First Case: $$\sum_{i=1}^{n}a_{i}\neq 0$$.

You can easily see that

• The eigenvalue $$\lambda=0$$ is of multiplicity $$n-1$$, with $$n-1$$ linearly independent eigenvectors given by any basis of the subspace $${\rm Span}\left\{v\right\}^{\perp}$$ (that's true because $${\rm Span}\left\{v\right\}\oplus{\rm Span}\left\{v\right\}^{\perp}=\mathbb{R}^{n}$$ and $${\rm Span}\left\{v\right\}$$ is of dimension $$1$$).
• The eigenvalue $$\lambda=\sum_{i=1}^{n}a_{i}$$ corresponds to the eigenvector $$u$$, since

$$Au=uv^{T}u=\left(v^{T}u\right)u=\left(\sum_{i=1}^{n}a_{i}\right)u$$

Therefore, in this case you have $$n$$ linearly independent eigenvectors and the matrix is diagonalizable.

Second Case: $$\sum_{i=1}^{n}a_{i}=0$$.

In this case the first point still applies, but the matrix is not diagonalizable since it has only $$n-1$$ linearly independent eigenvectors (you can't have $$n$$ linearly independent eigenvectors with eigenvalue $$\lambda=0$$, unless the matrix is zero). It does, however, admits the following Jordan's canonical form

$$A\sim\begin{pmatrix}J_{2}\left(0\right)&0_{2\times\left(n-2\right)}\\0_{\left(n-2\right)\times2}&0_{\left(n-2\right)\times\left(n-2\right)}\end{pmatrix}=J_{2}\left(0\right)\oplus 0_{\left(n-2\right)\times\left(n-2\right)}$$

where

$$J_{2}\left(0\right)=\begin{pmatrix}0&1\\0&0\end{pmatrix}$$

is a $$2\times 2$$ Jordan's block of eigenvalue $$\lambda=0$$.

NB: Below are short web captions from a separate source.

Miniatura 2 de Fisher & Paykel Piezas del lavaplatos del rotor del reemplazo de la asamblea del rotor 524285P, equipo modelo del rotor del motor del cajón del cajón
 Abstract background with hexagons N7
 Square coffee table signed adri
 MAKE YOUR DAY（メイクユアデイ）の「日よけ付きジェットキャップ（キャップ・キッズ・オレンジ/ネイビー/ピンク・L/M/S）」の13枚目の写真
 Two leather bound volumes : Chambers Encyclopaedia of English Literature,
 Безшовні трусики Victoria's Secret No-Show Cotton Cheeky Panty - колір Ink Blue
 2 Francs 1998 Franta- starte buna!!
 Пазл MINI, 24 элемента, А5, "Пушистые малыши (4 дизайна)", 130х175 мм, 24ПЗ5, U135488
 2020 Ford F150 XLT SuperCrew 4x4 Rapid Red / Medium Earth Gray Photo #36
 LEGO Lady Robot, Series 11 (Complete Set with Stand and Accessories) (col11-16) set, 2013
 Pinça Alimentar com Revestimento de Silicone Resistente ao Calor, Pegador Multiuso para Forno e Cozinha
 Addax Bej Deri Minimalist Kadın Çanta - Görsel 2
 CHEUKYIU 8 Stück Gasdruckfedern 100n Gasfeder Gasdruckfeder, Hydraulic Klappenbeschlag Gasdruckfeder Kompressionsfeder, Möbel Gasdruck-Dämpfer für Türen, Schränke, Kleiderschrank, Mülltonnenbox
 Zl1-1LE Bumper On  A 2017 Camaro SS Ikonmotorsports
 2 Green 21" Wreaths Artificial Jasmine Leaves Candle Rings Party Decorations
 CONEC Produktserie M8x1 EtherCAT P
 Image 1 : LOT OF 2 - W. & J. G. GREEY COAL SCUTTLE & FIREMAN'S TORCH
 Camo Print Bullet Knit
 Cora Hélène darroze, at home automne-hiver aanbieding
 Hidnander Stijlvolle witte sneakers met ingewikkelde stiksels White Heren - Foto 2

• Since $\sum a_i=u^T v,$ you could view the failure in the second case to be a result of the fact that the would-be $n$th eigenvector $u$ already belongs to $\mathrm{span}(v)^{\perp}$, which is spanned by the first $n-1$ eigenvectors. – RideTheWavelet Dec 17 '17 at 2:27
• @RideTheWavelet Good point, thanks! It's always interesting to have multiple perspectives on the problem. – eranreches Dec 17 '17 at 11:42
• If all the columns are zero, it is the zero matrix which of course must be diagonalizable since the zero matrix is a diagonal matrix. $$0=I\cdot 0\cdot I$$

• If at least one of the column is non-zero, then the rank of the matrix is $1$ and the nullity is $n-1$. We check that the all-$1$ vector is an eigenvector and the eigenvalue is $\sum a_i$. Hence if $\sum_i a_i \neq 0$, then the matrix is diaognalizable since the geometry multiplicity is equal to the algebraic multiplicity.

• However, if one of the column is non-zero and $\sum_i a_i$ is equal to $0$. Since $\operatorname{tr}(A)=0=\sum_i \lambda_i$ and the nullity is $n-1$, we know the remaining eigenvalue must also be $0$. Suppose on the contrary that it is diagonalizable, then it is similar to the zero matrix, which shows that the matrix itself is the zero matrix, which is a contradiction since we assume at least one of the column is non-zero.

For example $A=\begin{bmatrix} 1 & -1 \\ 1 & -1 \end{bmatrix}$ is not diagonalizable. Let the two eigenvalue be $\lambda_1$ and $\lambda_2$, we know that $\lambda_1+\lambda_2=0,$ and we know that at least one of them is zero, hence both of them must be zero. If it is diagonalizable. then the matrix $A=P^{-1}\cdot 0 \cdot P = 0$ which is a contradiction.

Since $\operatorname{tr}\left(A\right) = \sum_i \lambda_i$, the only nonzero eigenvalue must be the sum of the diagonal elements.